Little Women: A Little Bit Spectacular

Graphic by Sesame Gaetsaloe/The Choate News

When I was little, visits to the library with my mom always frustrated me. “I don’t wanna listen to Little Women,” I would whine, “Can’t we just get Magic Tree House?” But my mom persisted, and my childhood car rides were spent listening to the audiobook of Louisa May Alcott’s Little Women. After a few library renewals and a month of listening, we finally finished the book. I didn’t take away much from the story: I knew that I loved Jo, hated Amy, and would rather read Magic Tree House.

But as I’ve gotten older, I’ve realized that Little Women, which was published in 1868, was a tale ahead of its time. I’ve started, finally, to appreciate my mom’s insistence on sharing it with me. Some sentences seem to jump off the page with striking modernity, lines that seem far from 19th-century Pennsylvania. For example, Jo’s iconic line, “I don’t like to doze by the fire. I like adventures, and I’m going to find some,” is an obvious contrast to the knitting, housewife female stereotype of the time. And yet, the frustrations that Jo and Alcott faced as women still persist. After all, Little Women was nominated for several Academy Awards and Oscars, including Best Picture, Costume Design, Score, and Actress in a Leading and a Supporting Role, and yet, Gerwig was not nominated for Best Director, a category that, once again, is filled entirely by men. 

So, when I heard that another film adaptation was coming out and that its cast would feature some of the best actors working today — including Timothée Chalamet, Emma Watson, Laura Dern, and Meryl Streep — and that it was directed and written by Greta Gerwig, I was nervous. What if the film was a flop (cough, cough Cats)? What if it forever tarnished the story that I had grown up with?

After seeing it twice in theater, though, I can safely say that Gerwig’s version of Little Women was not only did justice to the original, but was fresh and revolutionary in its own right.

Perhaps the factor that saves Gerwig’s rendition from being another forgettable adaptation in a long line of TV shows, movies, and even anime was her emphasis on the parallel between Alcott and Jo. In her version, Gerwig gives Jo a book (one that she begins to write after Amy burns Jo’s first novel). The movie opens with Jo being told that if she wants to sell a story about a woman, she must ensure that she is either married or dead by the end, a direct allusion to the pressure Alcott felt to change her content and make money as a female author. In fact, in Gerwig’s movie Jo utters a line from Alcott’s journal: “I can’t afford to starve on praise.”

A thread of Alcott’s own life is carried out throughout the movie as Jo grapples with her identity and what felt as a preordained fate as a woman.
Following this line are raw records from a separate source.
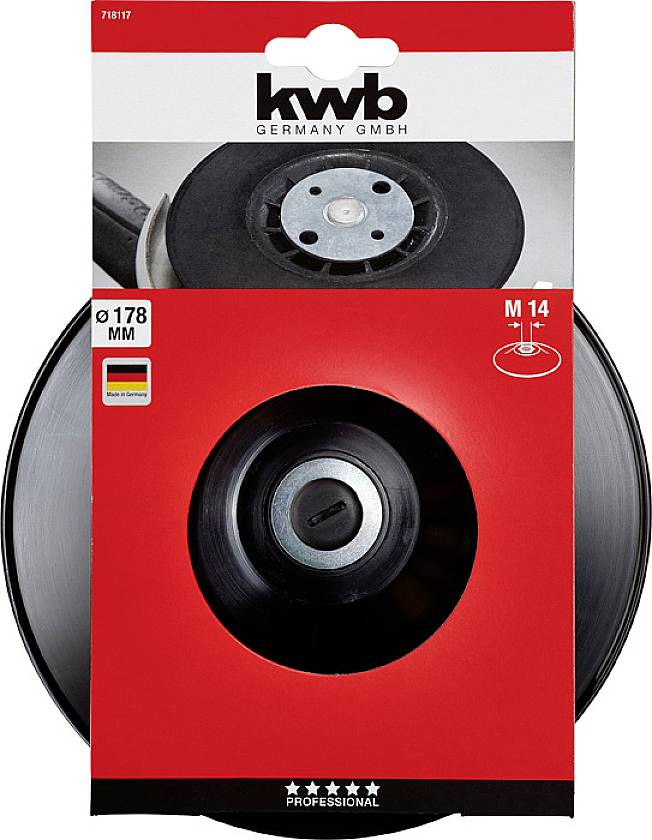 Kwb Stützteller für Winkelschleifer, Ø 178mm 718117 Durchmesser 178mm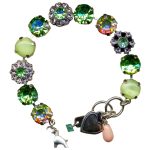 Mariana Bracelet Adorable Chrysolite Opal, Peridot, Vitrail Medium, Lavender & Pink Coral Austrian Crystals My Treasures Coll. - Image 3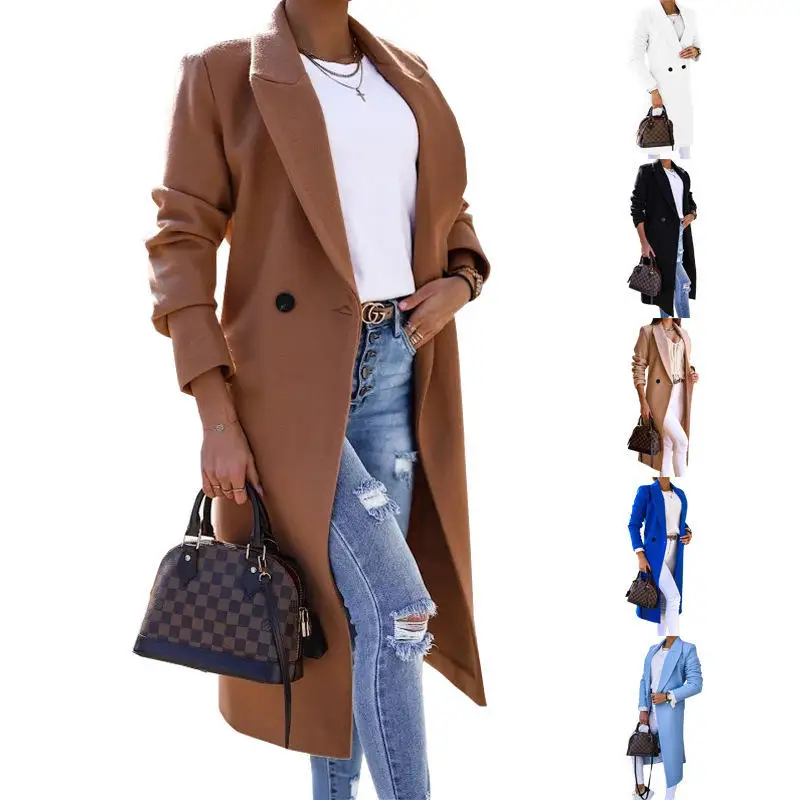 Wholesale Women Winter Woolen Long Coat Lapel Solid Color Korean Style Button Cardigan Ladies Elegant Woolen Coat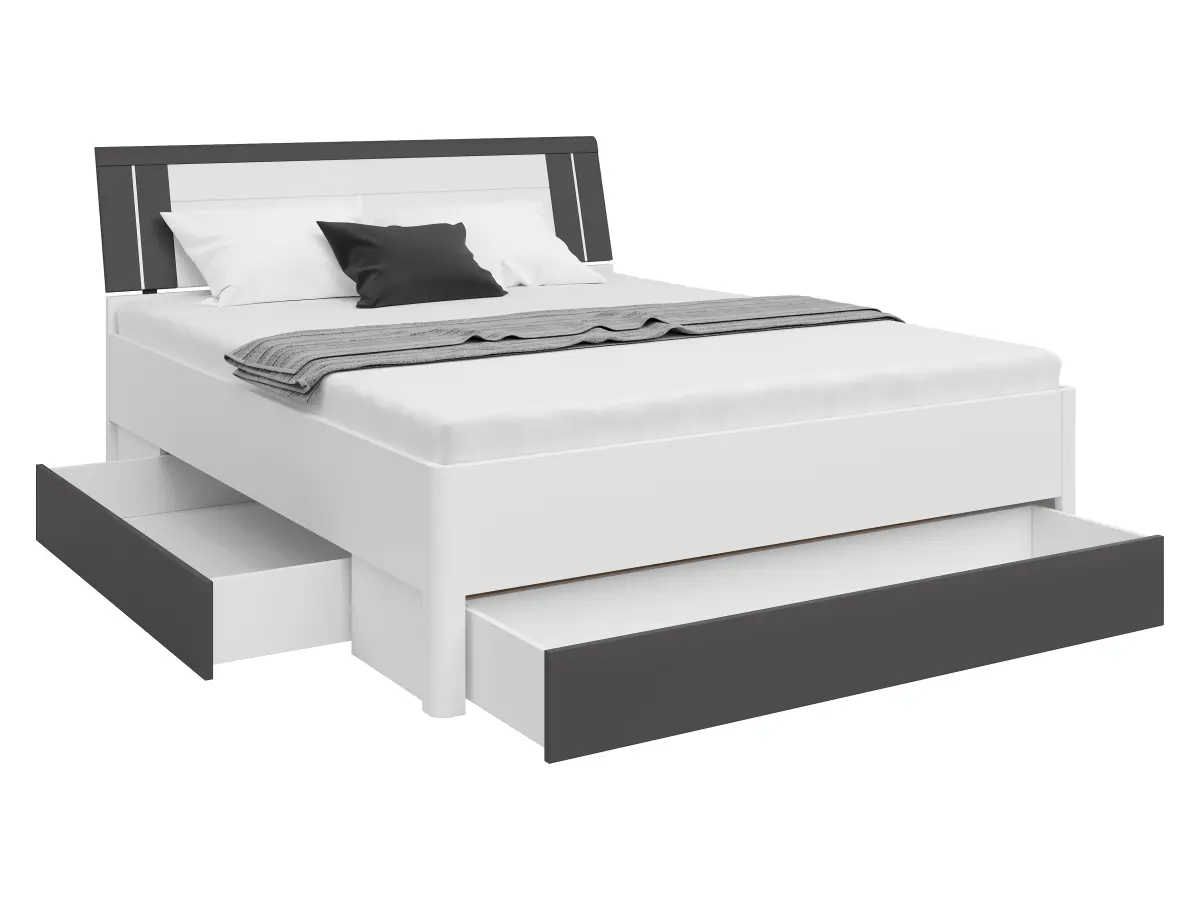 Кровать Saturn 160x200 с 3 ящиками белая/графит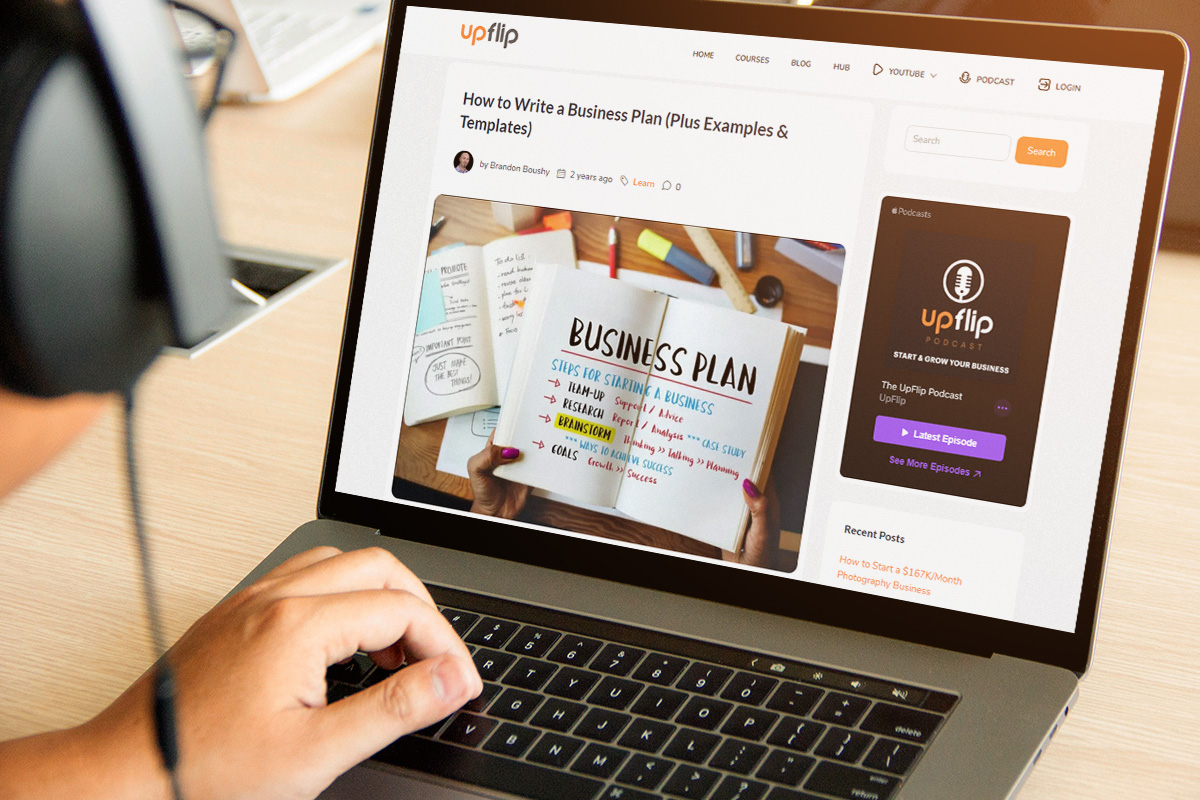 How to Start a Podcast: The Ultimate Guide (2025) 4 screenshot of business plan article from upflip website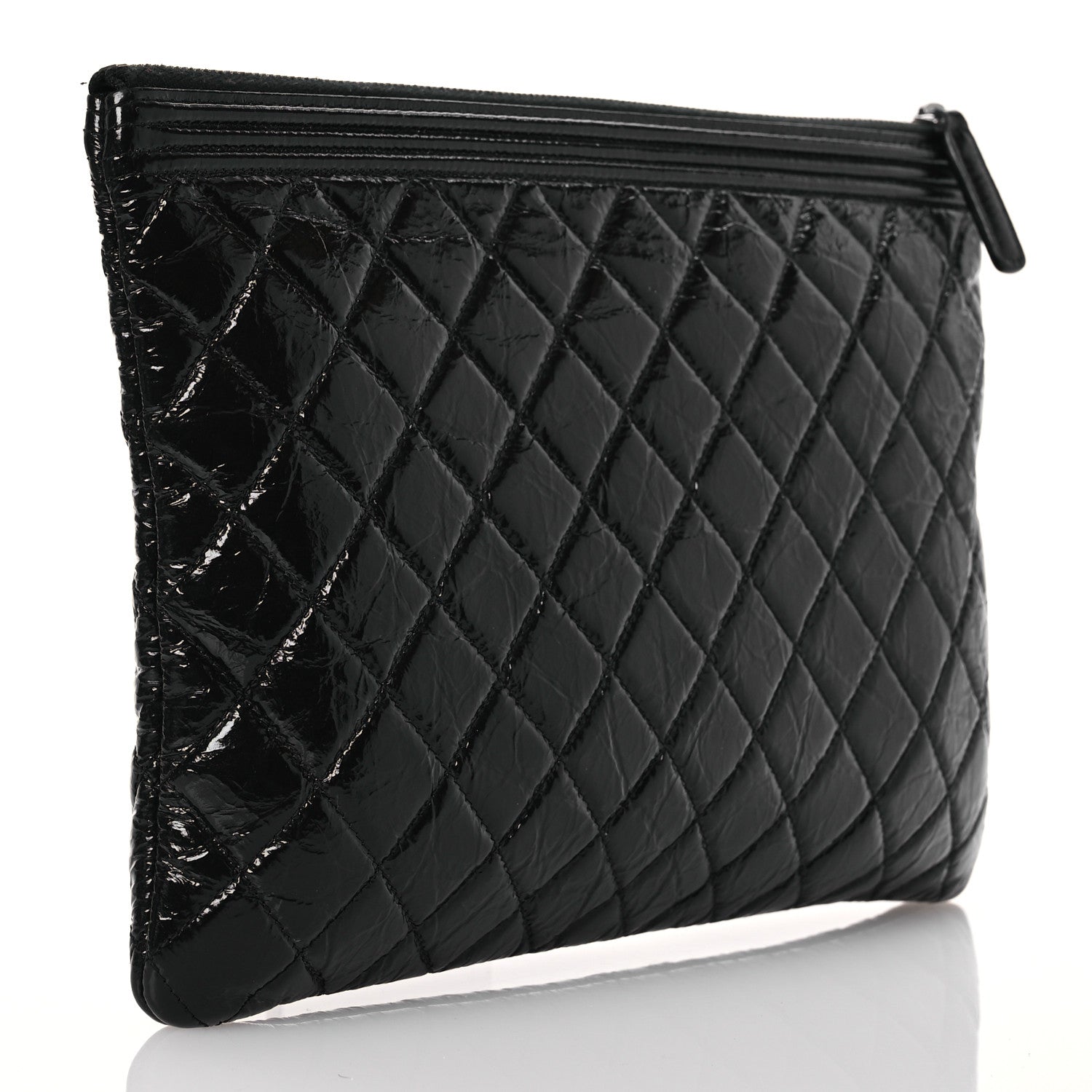 Chanel Patent Calfskin Quilted Medium Boy Cosmetic Case Black 3 of 15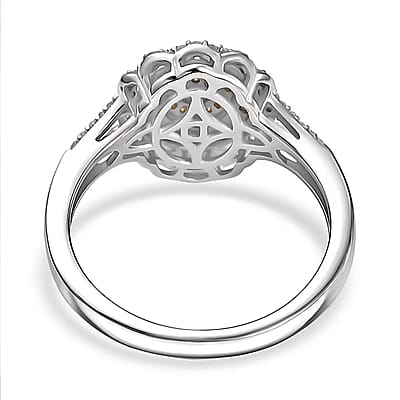 D'Joy Natural Yellow and White Diamond I3 0.50 ctw Sunflower Radiance Ring in Rhodium Over Sterling Silver (Size 10.0) (Del. In 13-15 Days)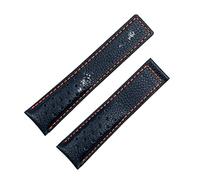 FFHAO Watch Accessories For TAG HEUER Strap MONACO CARRERA Wrist Band Frosted Calfskin Quality Leather Watchband Bracelet 22mm (Color : Blue Orange, Size : Without Buckle)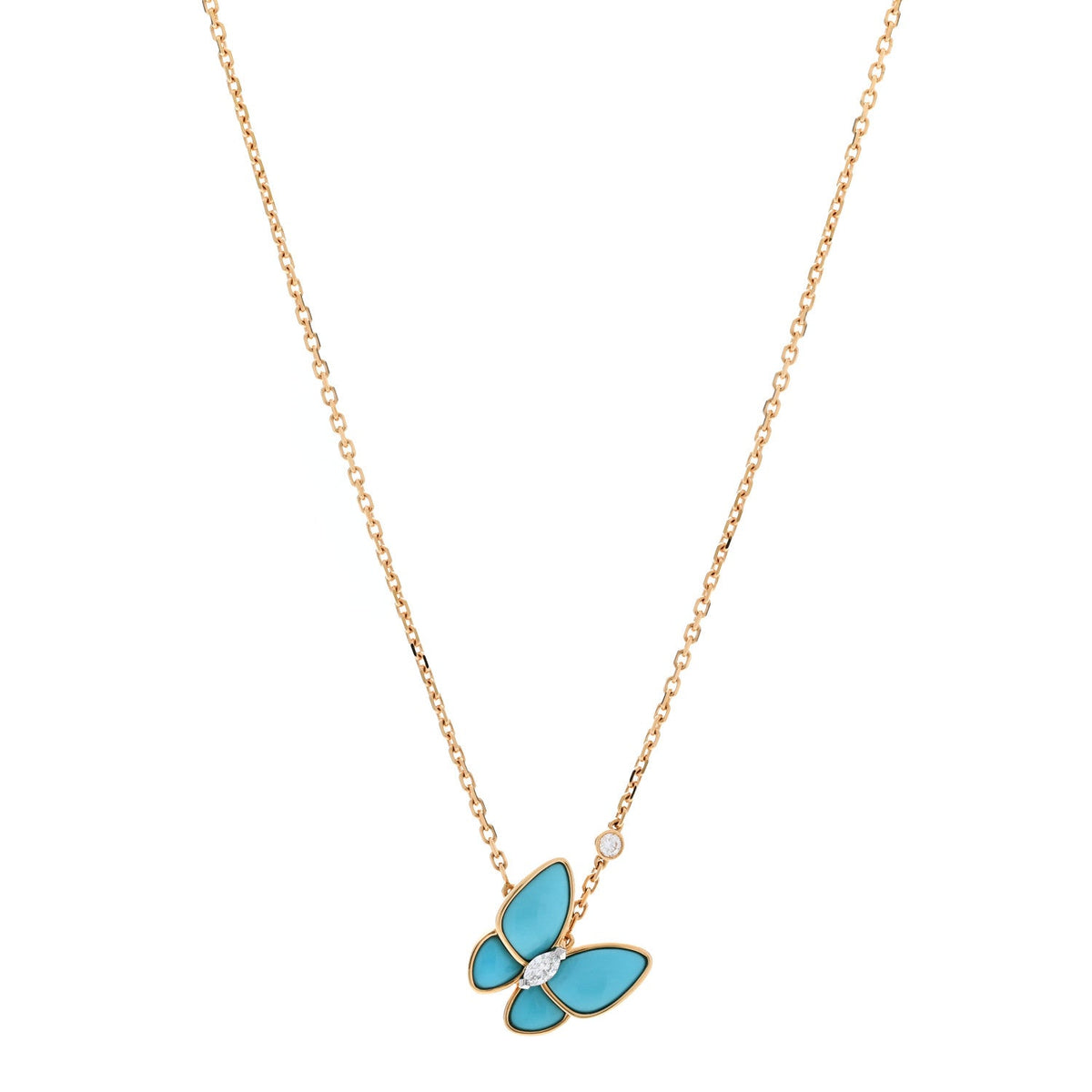 Van Cleef & Arpels Two Butterfly Pendant Necklace Multicolor 18K Yellow Gold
In her script, Gerwig borrows a line from another one of Alcott’s books, Rose In Bloom: “Women have minds, as well as just heart; ambition and talent, as well as just beauty. And I’m so sick of people saying love is all a woman is fit for.”

By the end of the film, just as the audience expects Jo to marry boring Professor Bhaer, Gerwig cuts to a scene in which Jo proposes her book to a publisher, who is weary of Jo’s ending featuring an unmarried and childless female protagonist. Jo compromises and allows her main character to marry the professor, and the movie implies that Jo, herself, remains single. In this way, Gerwig brilliantly allows space for both the ending Alcott was forced to pen and the one Alcott wished to have written.

These parallels further emphasize the modern feeling of the writing. In so many movies set in the nineteenth century, characters of all ages talk like old men who wear their glasses on the tips of their noses. But the reality is, children in the 1860s didn’t address each other as “Good sir.” Refreshingly, Gerwig’s writing is snappy and allows for the timeless themes of the story to shine through. 

Although the entire cast was dynamic and exciting to watch, Pugh’s acting as Amy stands out. Her youthful energy, just on the verge of being too eccentric, and ability to mold Amy over Gerwig’s overlapping time sequencing colorized a time period often remembered in black and white.

Between the acting, writing, pacing, and costuming, there’s so much to love about Gerwig’s fresh take on Little Women — one that proves that this classic novel, the same one that my mom forced me to listen to as a little girl, is still relevant and pressing.